Don't bother with awkwardness
By MEGAN GRUMBLING  |  June 27, 2007
inside_theater_iloveyou_062

Oops
In the Summer Preview article June 15, we said The Stage at Spring Point held free shows – which they did, until this year. Now, for their fifth season, they're sprucing up their pre-show entertainment and charging $10 a person. Forewarned is forearmed.
Wouldn’t it be great to just skip over all the tiresome pandering and getting-to-know-you crap that usually typifies a first date? Why not, asks busy power-careerist Pam (Staci Anne Jacobs), just go right to the second? Her amused blind date Stan (Antonio Campagna) assents and then some: How about skipping even further, to the third date, when both parties act like they’re enjoying themselves but are actually getting ulcers from the as-yet-unfulfilled sexual tension? It would save so much time and bother! The two hypothesize on to the exercise’s logical and inevitably bittersweet conclusion, putting a pretty succinct gloss on the dating game. This scene, swift, acute, and funny because it’s true, sets the tone for the fleet and sharp-witted I Love You, You’re Perfect, Now Change, on stage in a fun and dulcet summer stock production at the Arundel Barn Playhouse.

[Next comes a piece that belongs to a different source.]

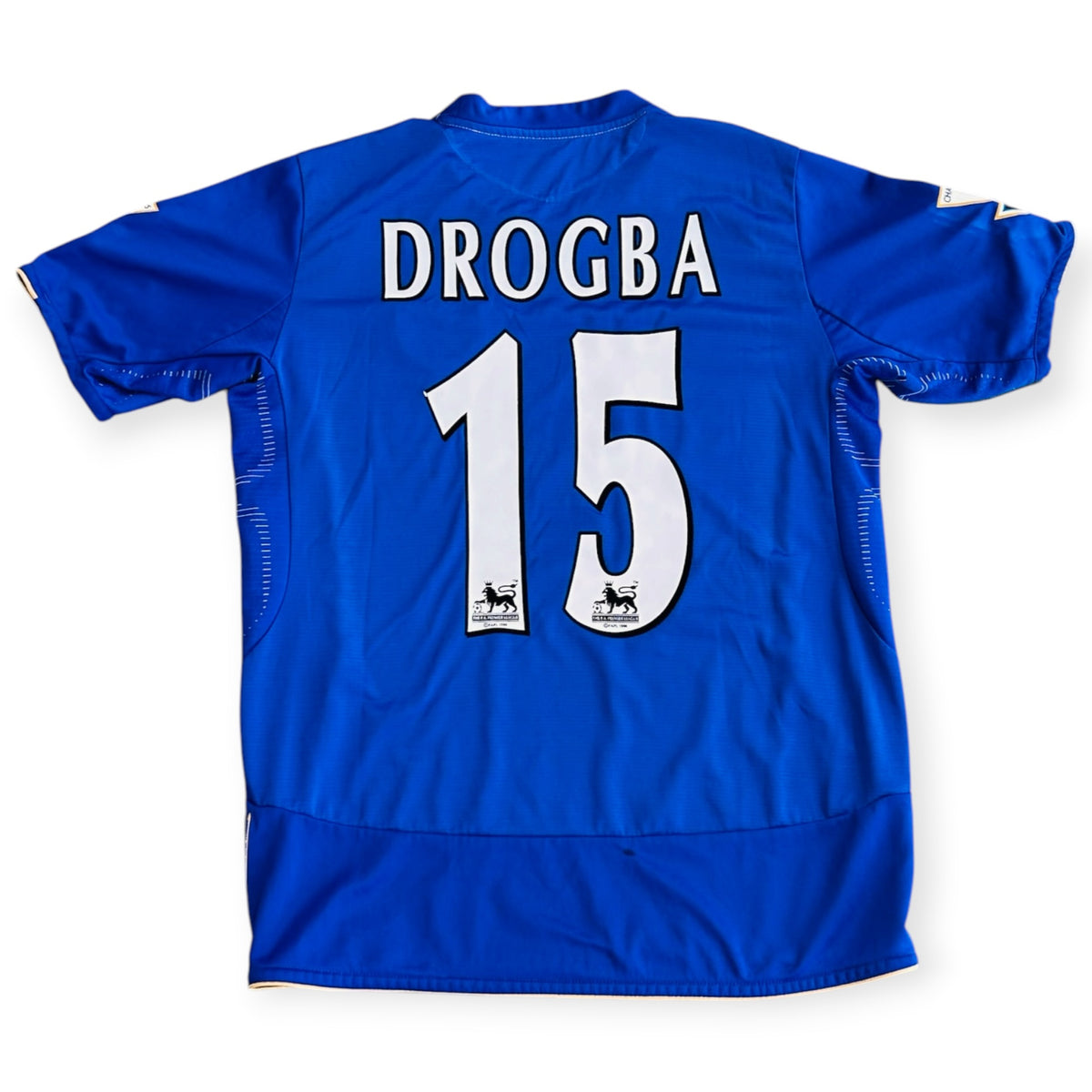 Chelsea 2005/06 Home - Drogba 15 (Medium)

An ensemble show of three men and three women, I Love You presents a series of stand-alone scenes and musical numbers to walk us through the vicissitudes of heterosexual love. From a full-company “Cantata for a First Date” and Stan and Pam’s time-saving measures, the cast goes on to flit nimbly in and out of an impressive number of roles, ages, and accents, as the show progresses from dating through marriage and on to the golden years. All six actors are superlative in their ensemble transformations; each is just as adroit at comic character roles as at straight ones. In the skit and musical number “A Stud and a Babe,” Lindsay Luppino and Laurence Freeman wear profoundly unattractive multi-colored synthetics and pull out the character stops as two dorks who find each other; later Luppino and Freeman play squabbling kids in the back seat of their dueling parents’ car. There’s no upstaging or outshining; these performances are beautifully balanced and superbly sung, and it’s continually a surprise and a treat to see who each of the six will become next.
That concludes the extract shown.